Observa a otro compañero que se dirige hacia la calle y le grita: «¡Abrigate nene!, ¡llevá campera que es temprano y afuera hace frío!». Sus sentimientos de madre protectora no puede dejarlos en su casa y los trae siempre junto a sus petates.

Mas tarde acomoda unos papeles. Es que hoy quiere dejar todo prolijo. Va a llevar a su casa todas esas carpetas con apuntes de las materias que estudió, siendo ya mayor, para tener el secundario completo. Entre tantas cosas encuentra una foto del momento en que le entregaron el diploma y otra de cuando logró el ascenso.

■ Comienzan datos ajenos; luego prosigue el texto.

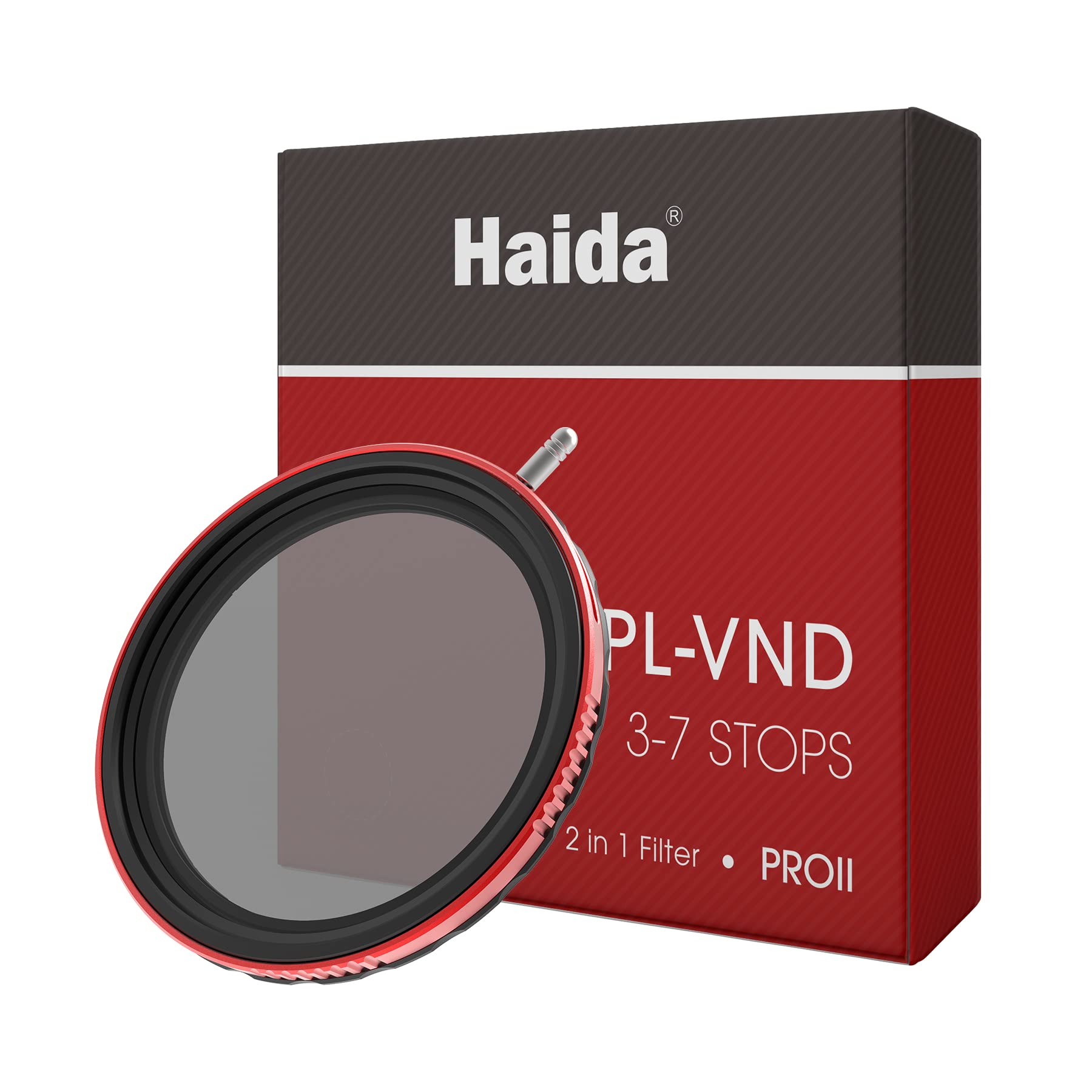

Haida CPL VND Filter 77mm PL Filter Variable ND Filter Stops ND8 ND16 ND32 ND64 ND128 Neutral Density Filter Filter + - 3~7 Dual-in-one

Llega la hora de su mate cocido con galletitas. Se la ve tranquila. Sabe que su deber está cumplido. Es un cumplido conforme utilizando términos aduaneros.

Mira el reloj. Sus ojos la traicionan. Se le escapa una lágrima. Falta media hora y aunque quiera negarlo son sus últimos minutos de trabajo. Ha llegado el momento de jubilarse.

Todos nos reunimos para darle un beso. La abrazamos. Alguien tímidamente inicia un aplauso. Lo acompañamos. Nos sumamos.

Alicia mira hacia afuera buscando a Úrsula y la ve en la ventana. Ella también está y también la mira. Ambas se despiden a través del vidrio tan sólo con la mirada.

Ahora sí. Es tiempo de ir a casa.

Se pone su campera, pero duda. Se la quita y la deja acomodada, acariciándola, en el respaldo de su silla. Hoy no es necesario que lleve su campera de abrigo con el logo de la Administración Federal de Ingresos Públicos. Afuera también está bueno.